Thank you to the publisher and NetGalley for providing me with an advance reading copy in exchange for an honest review!
“IF I AM MARCHING TO MY DEATH, THEN I WILL MARCH TO IT AS A GIRL. WITHOUT FEAR.”
Flame In The Mist was one of my most anticipated reads of this year. Ever since I finished The Wrath And The Dawn duology, including all the novellas, whatever this author wrote next was always going to be placed at the top of my TBR. And even though I just wasn’t as interested or invested in the plot and the characters this time, for the most part it wasn’t a complete let down.
At the beginning of the novel, we are immediately thrown into an execution, and this is quickly followed by the attack on Mariko’s convoy in an attempt to kill her. Thus, the book begins with action, and Renée’s writing was just as beautiful and lyrical as I remembered it. The events unfolded quickly and the shift in POVs between Mariko and her brother Kenshin was something I really enjoyed because protective older siblings are my absolute weakness. That being said, I quickly became disinterested for the rest of the story because the pacing was just slow. Not to mention, we were introduced to the POV of several other characters who I just didn’t care about.
The romance felt completely off, even though it was a hate-to-love relationship which I adore more that anything else. But still, Ōkami was a total sweetheart and an unapologetic feminist and it just made me so happy.
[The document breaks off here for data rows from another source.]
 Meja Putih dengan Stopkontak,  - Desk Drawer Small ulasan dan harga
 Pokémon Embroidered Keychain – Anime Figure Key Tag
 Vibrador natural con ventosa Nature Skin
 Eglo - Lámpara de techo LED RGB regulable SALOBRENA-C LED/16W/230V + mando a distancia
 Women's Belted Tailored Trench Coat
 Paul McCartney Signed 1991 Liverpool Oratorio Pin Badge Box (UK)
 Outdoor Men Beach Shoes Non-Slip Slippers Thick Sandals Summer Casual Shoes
It did take a while for me to warm up to him and I still can’t get over this one freaking scene.
“YOU ARE FIRST AND FOREMOST A PERSON. A RECKLESS, FOOLISH PERSON, BUT A PERSON NONETHELESS. IF I EVER SAY YOU ARE NOT PERMITTED TO DO SOMETHING, REST ASSURED THAT THE LAST REASON I WOULD EVER SAY SO WOULD BE BECAUSE YOU ARE A GIRL.”
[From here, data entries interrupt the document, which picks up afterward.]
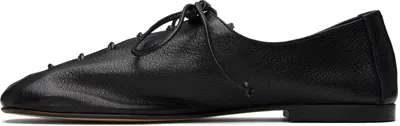 Hereu Black Plegada Supple Shiny Derbys In Black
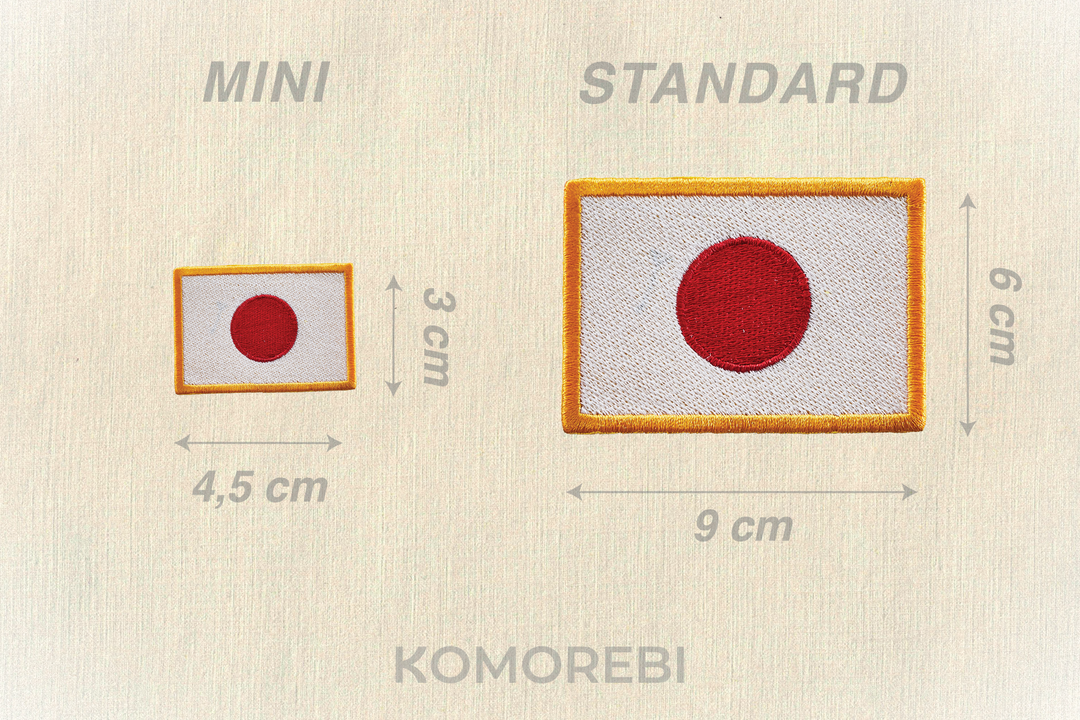 Japon - Drapeau Brodé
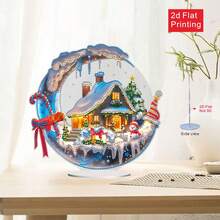 Kit de peinture de diamant 5D asymétrique - Bonhomme de neige de Noël DIY, art de diamant acrylique convenant aux débutants adultes et aux amateurs d'artisanat. Meilleure décoration de bureau pour le salon, la chambre, le bureau et autres espaces intérieurs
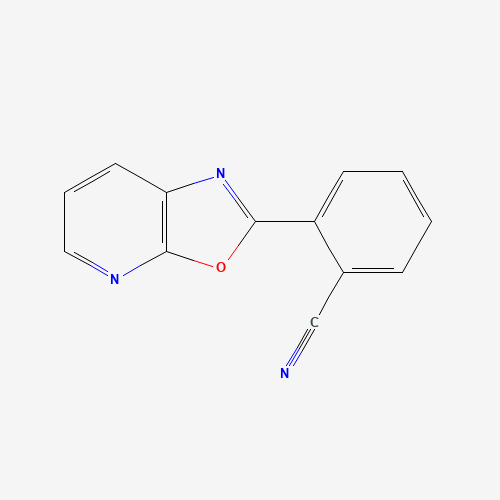 52333-97-8 2-([1,3]oxazolo[5,4-b]pyridin-2-yl)benzonitrile chemical structure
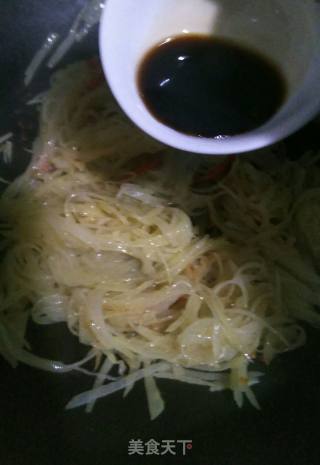 Stirred Potato Shreds with Balsamic Vinegar recipe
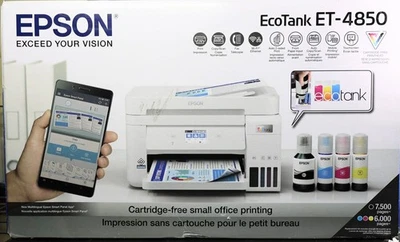 Epson EcoTank ET-4850 Wireless All-in-One Supertank Printer - Image 1 of 4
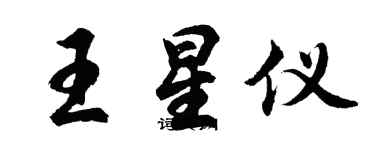 胡問遂王星儀行書個性簽名怎么寫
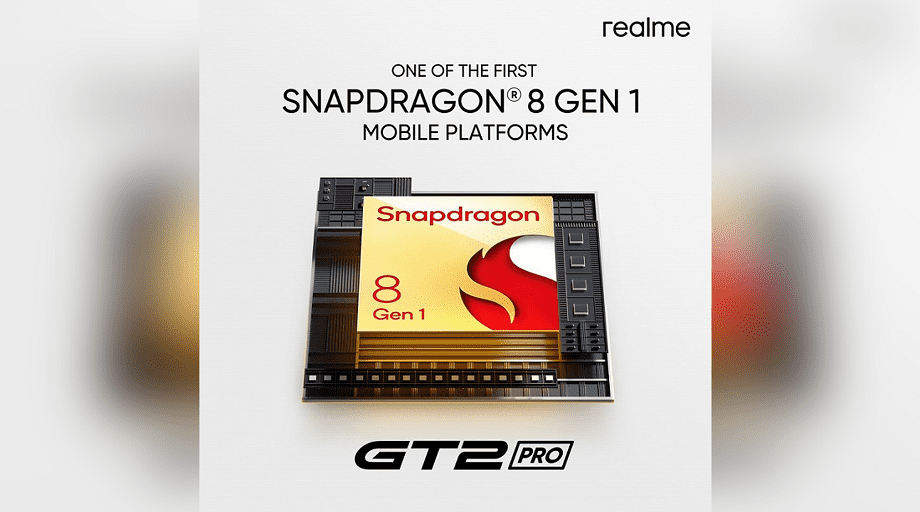 realme GT 2 Pro is among the first smartphones to be powered by Snapdragon 8 Gen 1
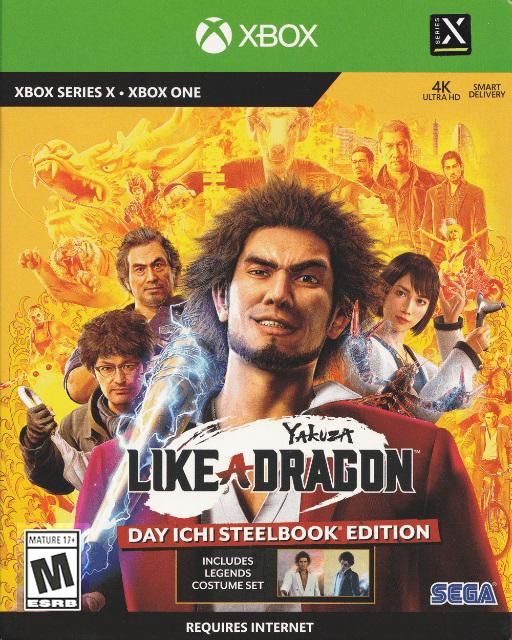 Yakuza Like a Dragon Steelbook Edition for Series X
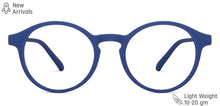 Load image into Gallery viewer, Blue Round Full Rim Unisex Eyeglasses by Lenskart Blu-148707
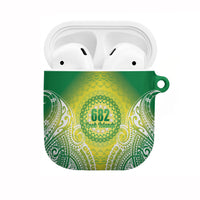 Cook Islands 682 AirPods Case Kuki 'Airani Area Code Proud LT14 Green - Polynesian Pride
The book ends on a cliff-hanger and leaves so many questions still unanswered which is frustrating, but overall it’s one I’d definitely recommend if you enjoy character-driven stories. I loved the feudal Japanese setting and getting to learn about the culture, and the comradery of the Black Clan. Not to mention, female empowerment! Unfortunately the plot wasn’t as captivating as the author’s writing but, nevertheless, I am here for the sequel.